Different types of translation
In a globalized world, translation is an indispensable part of our lives. Sometimes, the translator’s/interpreter’s presence is obvious: during a conference, there is a speaker and next to them we can see an interpreter. But in the majority of cases the translator or the interpreter remains invisible. How often do we watch dubbed movies and we don’t even think about the people who translated it into our native language? Or how often do we think about the translator when reading a book?
What is more, nowadays more and more people know foreign languages and thus they think that translation is something, anyone knowing a language can do. But this is not the case: to be able to translate or interpret properly, one needs to have various skills, far beyond the language knowledge. A translator/interpreter needs, among others, to have great cultural awareness, to be able to express themselves fluently and flawlessly in both the foreign and the native language, as well as to be able to work under pressure and stress.
Furthermore, translation is a complex field. There are many different types and modes of doing a translation/interpreting. A translator/interpreter usually specializes in some of them.
We can distinguish three main types of translation: written, oral (also called interpreting) and audio-visual. Each of these can be further subdivided.
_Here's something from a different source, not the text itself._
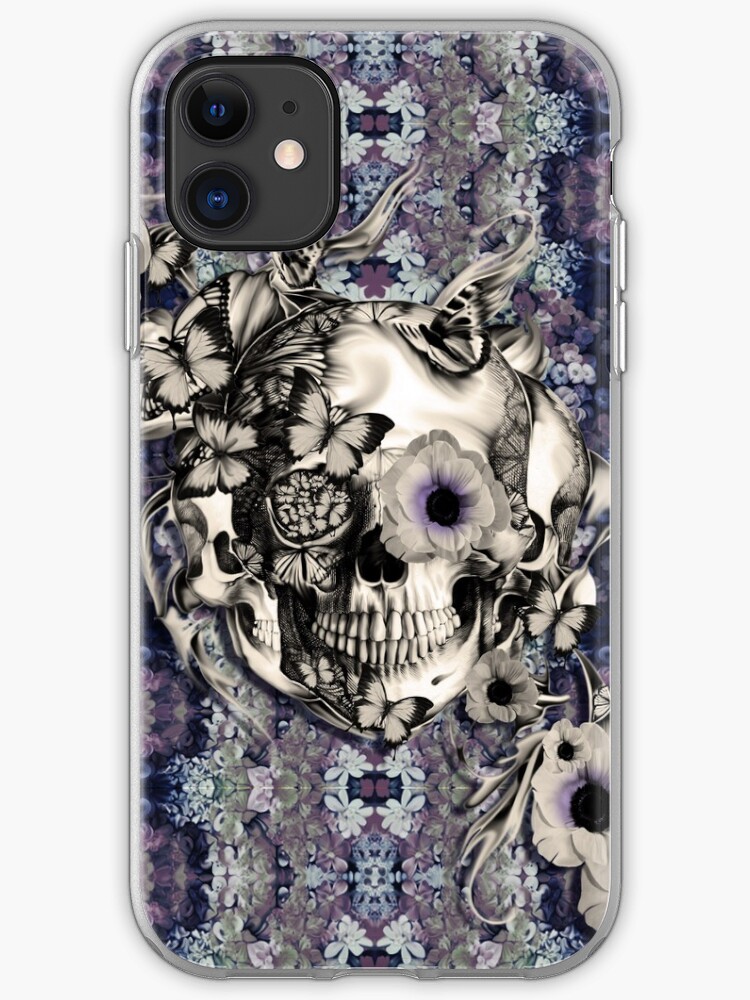 Skull Floral iPhone 11 case Skull Floral iPhone 11 case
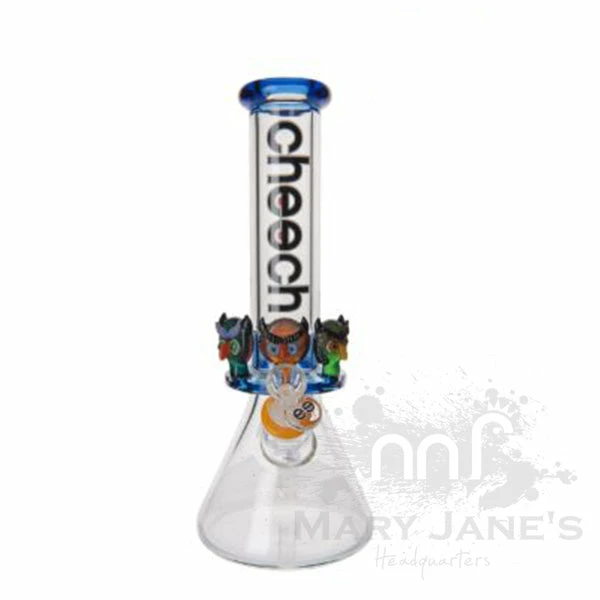 3 Owl Bong (12" Beaker) By Cheech Glass 1 3 Owl Bong (12" Beaker) By Cheech Glass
Written translation is classified depending on the type of text that is being translated. We can have literary, website, medical, judicial, technical, and business translations.
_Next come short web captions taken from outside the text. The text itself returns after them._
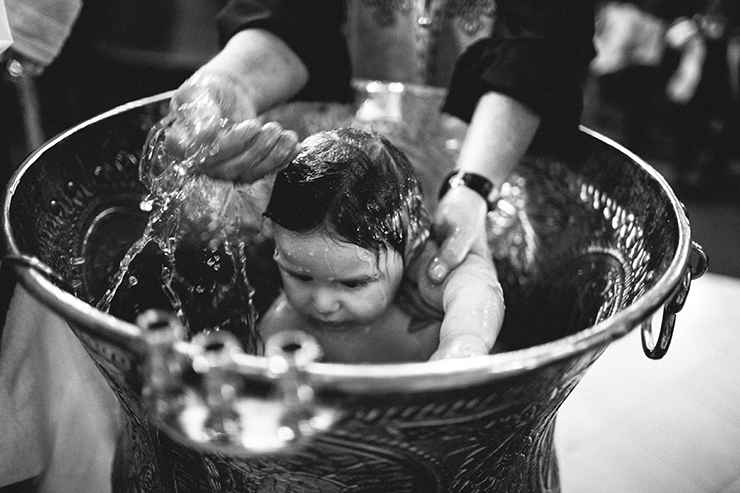 Baptism photographer at St. George's Greek Orthodox Church of Toronto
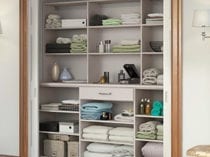 Linen cabinets & hall closets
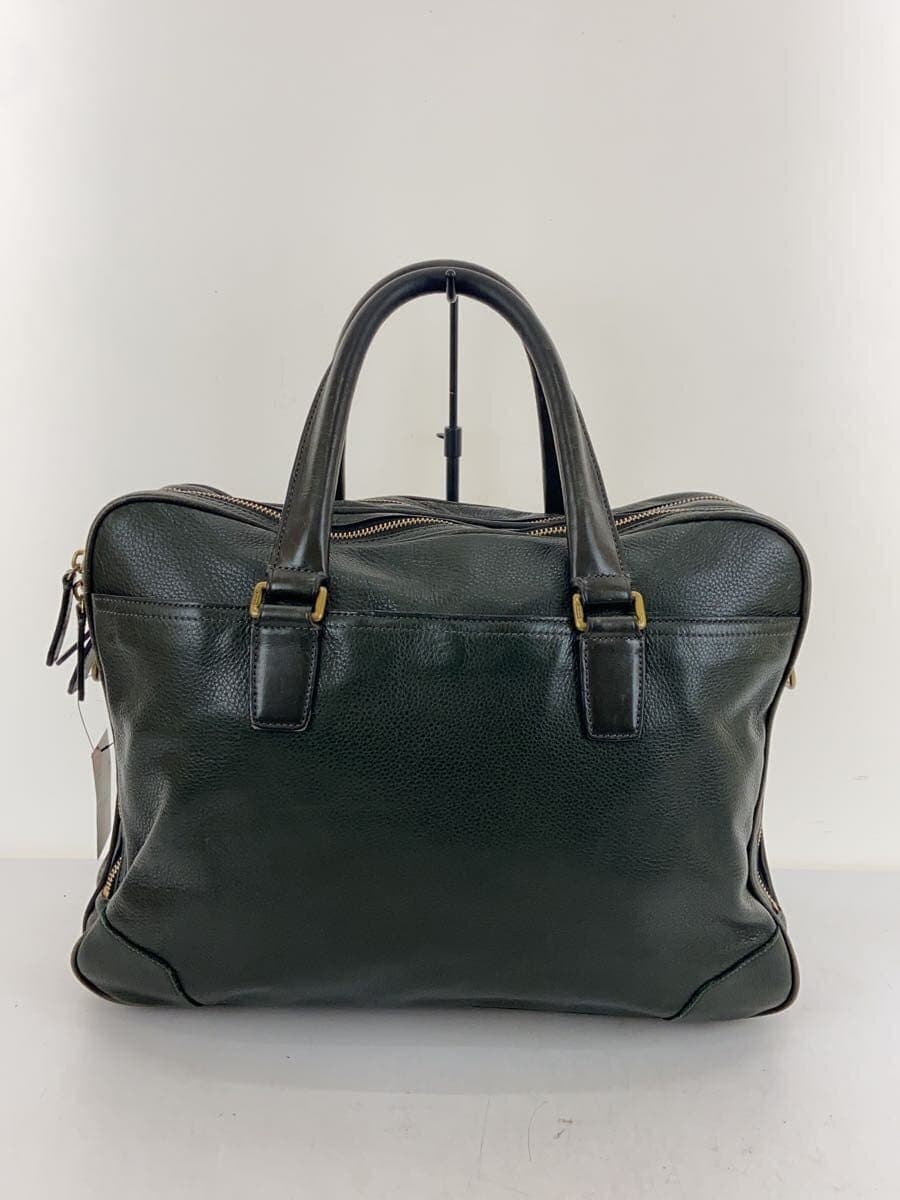 COACH Briefcase Leather BLK 70478 3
Oral translations are divided depending on how they are delivered. First, we have consecutive translation, where the speaker makes pauses and then the interpreter translates into the target language. Next, there is simultaneous interpreting, where the speaker speaks and the interpreter interprets at the same time, usually from an interpreting booth. Whispered interpreting is when a meeting or a conference is in a foreign language and next to a participant there sits an interpreter and whispers the translation directly into their ear. Relay interpreting is used with exotic or less-known languages. The speaker speaks in language A, then there is an interpreter that translates this into a more common language B and finally someone else interprets from language B into the target language C. Liaison interpreting is when the interpreter is present with a group or a person all the time but interprets only when asked for it. And finally, sight translation is when the interpreter is given a piece of paper with a text in one language and reads it out loud in the target language.
Audio-visual translation of films, songs, theatre plays etc. can also happen in many forms. Subtitling is when the viewers can hear the original soundtrack and read the translation on their screens. Surtitling happens during an opera when the audience can read the translation of what is being sung. Lip-synch dubbing is when the original soundtrack is replaced by the actors speaking in the target language as if it that was the original language of the film. And in case of voice over, the original soundtrack is disturbed by a narrator reading the text in the target language. Then, there are two more types of audio-visual translations aimed at people with disabilities, so called intralingual translations. Audio description is for blind people, it provides them with a spoken description of what is happening on the screen. And subtitles for the deaf people are a written form of the movie script.
As you can see from these graphs and the text, translation is a very diverse field and can be used in many different situations for various purposes.